ASP - Identifier Handcuffs Pink
ASP’s exclusive Ultra Cuffs represent the most significant advances in restraint design in more than a century. These handcuffs were designed, tested, revised, re-tested and perfected in the field, with input from officers and tactical instructors around the world. The result is a restraint system with materials, construction and a feature set that simply can’t be found in any other handcuffs:
- Forged aluminum frame: Forged from 7075 T6 ordnance-grade aluminum, Ultra Cuff frames are rigid and incredibly strong, yet lightweight. Forging—as opposed to the stamped steel parts found in other restraints—also eliminates rough or sharp edges; the smooth, rounded Ultra Cuff frame is more ergonomic, and safer for both officer and subject.
- Conical, flat contact bow: The geometry of the bow fits a wider range of wrists, and a flat contact area improves application speed and accuracy. Bows are also highly radiused, to prevent injury. Identifier Ultra Cuffs feature steel bows; non-Identifier models are available with either steel or aluminum bows.
- Dual-sided, single-turn keyways: Ultra Cuffs feature keyways and double lock slots on both sides of each frame, and both the primary lock and double lock are released by turning the key in a single direction. Double lock slots feature colored indicators that provide instant recognition of lock status. All of these features add up to making cuff application, adjustment, double-locking and removal faster and easier.
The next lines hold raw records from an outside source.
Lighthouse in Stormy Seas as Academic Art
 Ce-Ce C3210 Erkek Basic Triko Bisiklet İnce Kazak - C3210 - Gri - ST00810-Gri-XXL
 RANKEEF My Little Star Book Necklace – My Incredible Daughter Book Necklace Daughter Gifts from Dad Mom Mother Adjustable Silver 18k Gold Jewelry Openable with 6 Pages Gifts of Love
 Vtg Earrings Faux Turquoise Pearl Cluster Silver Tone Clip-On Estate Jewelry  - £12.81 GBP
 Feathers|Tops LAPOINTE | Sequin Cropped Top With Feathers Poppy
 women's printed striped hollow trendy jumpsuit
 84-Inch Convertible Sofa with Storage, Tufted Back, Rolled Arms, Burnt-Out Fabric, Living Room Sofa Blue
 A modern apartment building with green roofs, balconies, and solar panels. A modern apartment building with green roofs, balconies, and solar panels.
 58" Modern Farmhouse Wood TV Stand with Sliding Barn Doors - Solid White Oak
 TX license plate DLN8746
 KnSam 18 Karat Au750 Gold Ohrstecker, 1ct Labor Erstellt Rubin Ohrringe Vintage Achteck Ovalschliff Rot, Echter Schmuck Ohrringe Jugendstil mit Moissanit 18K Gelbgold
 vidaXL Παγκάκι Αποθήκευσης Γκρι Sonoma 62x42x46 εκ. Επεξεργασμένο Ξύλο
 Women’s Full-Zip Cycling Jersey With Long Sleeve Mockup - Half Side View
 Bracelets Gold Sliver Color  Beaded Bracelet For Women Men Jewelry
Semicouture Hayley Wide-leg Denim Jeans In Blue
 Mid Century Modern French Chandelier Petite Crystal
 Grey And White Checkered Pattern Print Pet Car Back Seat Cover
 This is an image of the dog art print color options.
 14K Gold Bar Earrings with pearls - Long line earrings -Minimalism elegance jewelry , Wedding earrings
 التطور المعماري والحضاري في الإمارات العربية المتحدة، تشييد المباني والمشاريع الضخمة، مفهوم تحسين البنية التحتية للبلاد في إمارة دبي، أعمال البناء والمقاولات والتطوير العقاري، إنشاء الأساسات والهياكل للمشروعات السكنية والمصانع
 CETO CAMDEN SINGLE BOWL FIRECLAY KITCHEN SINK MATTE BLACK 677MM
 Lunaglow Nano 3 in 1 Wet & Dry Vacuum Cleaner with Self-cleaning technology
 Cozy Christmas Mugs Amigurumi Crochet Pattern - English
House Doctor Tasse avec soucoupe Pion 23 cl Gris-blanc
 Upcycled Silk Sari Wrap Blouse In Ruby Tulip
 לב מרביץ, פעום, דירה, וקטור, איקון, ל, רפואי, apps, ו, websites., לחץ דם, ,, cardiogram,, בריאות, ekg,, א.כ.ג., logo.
- Replaceable Lock Sets: The lock assemblies are unitized and replaceable. This allows them to be field-serviced when needed, and provides the unique option to change Lock Sets to suit different agency preferences, or to switch to a high-security configuration.* The construction of the Lock Sets, and their placement within the forged frame, also makes them highly-resistant to shimming.
- Colored Identifier bands: These permanent structural components provide instant visual recognition, to help differentiate property between agencies or officers. Some officers use color-coding to aid in subject identification in notes and reports.